# Are most modern conductors frauds?



## Fugue Meister (Jul 5, 2014)

It has always shamed me to admit that I'm no connoisseur when it comes to conductors. Being that there are so many so called "Maestros" out there to choose from especially when it comes to selection of recording. This is why I love youtube because I can view multiple versions until I find the ones I feel are truly worthy of the composers music… which should be the focus in the first place the music, not having so and so's cycle and so and so's as well.

Okay so yesterday I caught this video on youtube (go figure), and it sort of blew my mind, here it is and I hope you all take a gander if you have the time.






Anyway what do you guys think? Do charlatans abound atop the podium in classical music world? Who are your favorite conductors that aren't 60+ years of age?


----------



## SimonNZ (Jul 12, 2012)

Could I get a precis of the argument without having to stop everything else for an hour?


----------



## Pugg (Aug 8, 2014)

Yannick Nézet-Séguin is a very good conductor, we have him here in in Rotterdam , he changed the whole style and is now well on his way to the top.
Very nice person also.:tiphat:


----------



## ComposerOfAvantGarde (Dec 2, 2011)

I'm a music student, still in high school, who does aspire to be a conductor but disagree with many aspects of the money-driven corporate nature of classical music media and the recording industry. I've never had a strong interest in recording music, only performing, and this is where the result of a conductor's work lies.
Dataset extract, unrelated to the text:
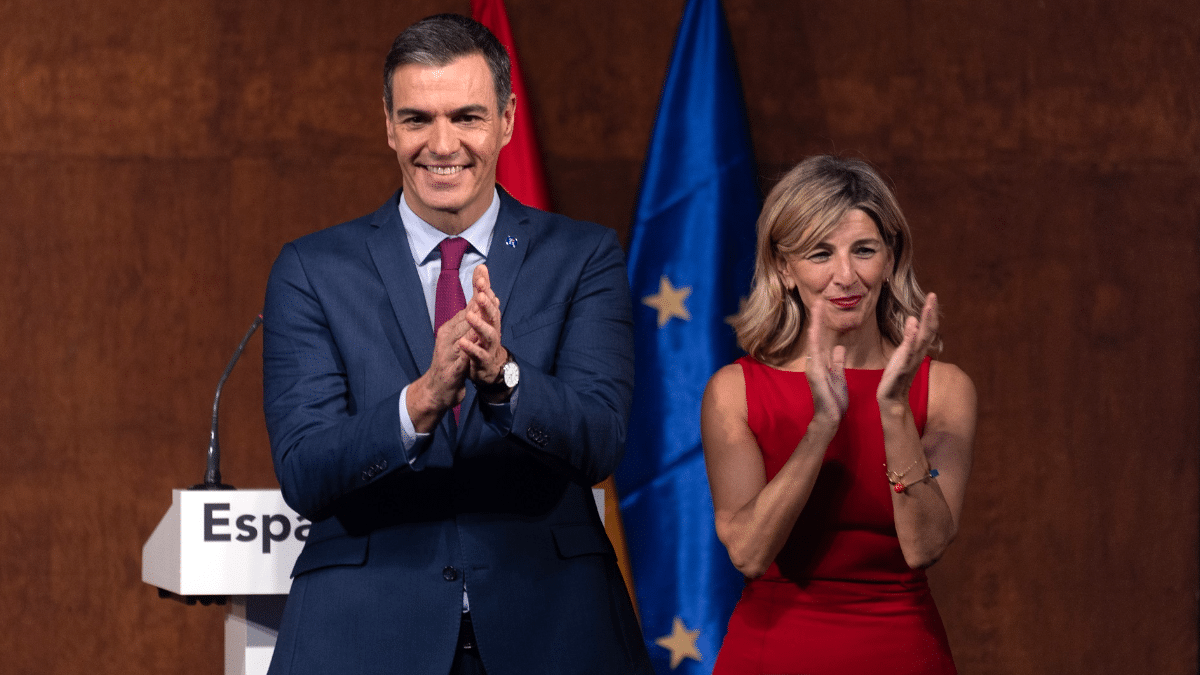Pedro Sánchez y Yolanda Díaz, tras la firma del acuerdo de legislatura entre el PSOE y Sumar el pasado 24 de octubre.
However, I dont actually study conducting. I study composition with a teacher and I do as much research as I can by analysing orchestral scores. The actual conducting is something I learn on the job during the rehearsal of a work. I've rehearsed various student chamber ensembles and orchestras put together by my peers and I for certain projects. I always ask for feedback from musicians about issues of beat clarity, expressive gestures etc. which I take into account and this is what builds my technqiue. I actually learnt the basic arm movements from a book. When I heard in the video about 'conducting classes' which consist of students learning gestures in front of a mirror I have to say I was rather shocked. This is more like regurgitating what has been spoon fed to a student by their teacher about what conducting _looks like_ rather than a student learning how to analyse and interpret a score successfully.
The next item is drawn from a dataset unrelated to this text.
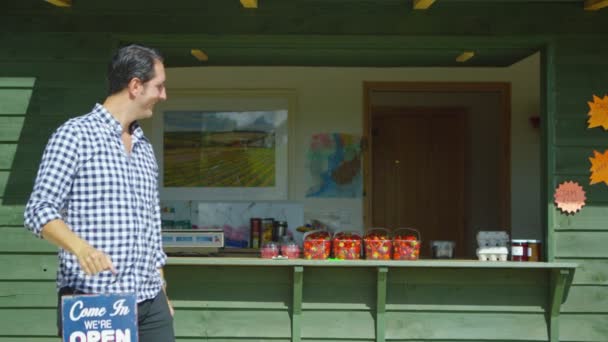 Shopkeeper holds up a sign — Stock Video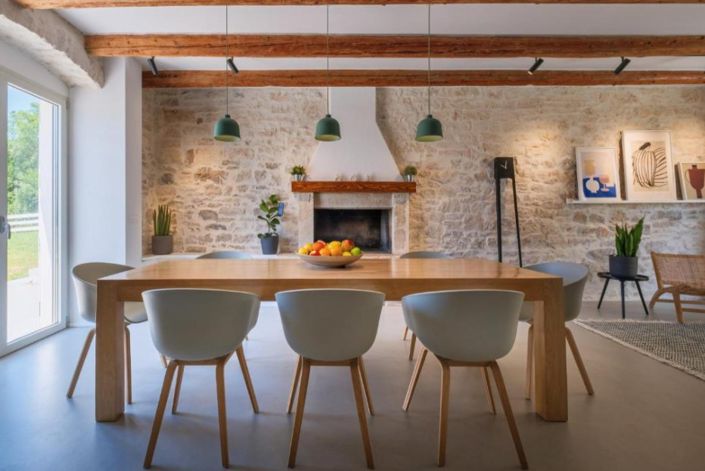 Image No.8-4 Bed Property for sale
The other point which I wholeheartedly agree with here is the money-driven aspect of being a conductor. I'm absolutely certain that no conductor would say they are in it for the money, but what is really unfortunate is the manipulation made by record companies and the media which hype up certain conductors. Diversity is lost, and I would go as far as saying that it almost monopolises the concert hall, the conductors known to orchestras, whom they hold in high regard and whom they do not. It's a sorry world that we live in, one dictated by corporations effectively controlling everything from politics, education all the way to classical music.
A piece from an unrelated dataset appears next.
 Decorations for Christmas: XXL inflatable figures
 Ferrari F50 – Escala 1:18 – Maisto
On the other hand, I do believe that there are a number of younger conductors who are producing very insightful readings of standard and new repertoire these days. Yannick Nézet-Séguin has recorded the best Schumann symphony cycle I have ever heard, and this recording was put together from _live_ concerts. I suppose this is evidence that conductors don't actually view concerts as 'rehearsals for the recording session the next day' as the video claimed. Nézet-Séguin has a few vlog entires on YouTube, one of them I think explains the amount of editing which actually goes in to 'live recording' and it was interesting to hear him say that he has to be careful not to lose energy during a patch up session made without an audience. I gathered that for him it's the concert which is the important part.

Conducting is a job which is musinderstood by many audiences, and it does seem, according to the viewpoints expressed in the video, that it is perhaps even being misunderstood by conductors.


----------



## MarkW (Feb 16, 2015)

It has been said here elsewhere (and better) that the job of a conductor is to know more about music (the individual score, the composer, his oeuvre, performing practice, instrumental playing, etc.) than anyone else in the room, and to bring that knowledge (along with his judgment) to bear on the performance. Do some take that responsibility more seriously than others? Yes.


----------



## ptr (Jan 22, 2013)

I've always felt that Zubin Metha is a fraud! So the question is probably correct!

/ptr


----------



## Polyphemus (Nov 2, 2011)

Have to confess that the question is valid. Lenny B and H von K used the podium relentlessly in their life long quest for self promotion. :devil: :devil: :lol: :lol:

:tiphat:


----------



## Albert7 (Nov 16, 2014)

Dudamel is one of the most important conductors of all time.


----------



## Fugue Meister (Jul 5, 2014)

SimonNZ said:


> Could I get a precis of the argument without having to stop everything else for an hour?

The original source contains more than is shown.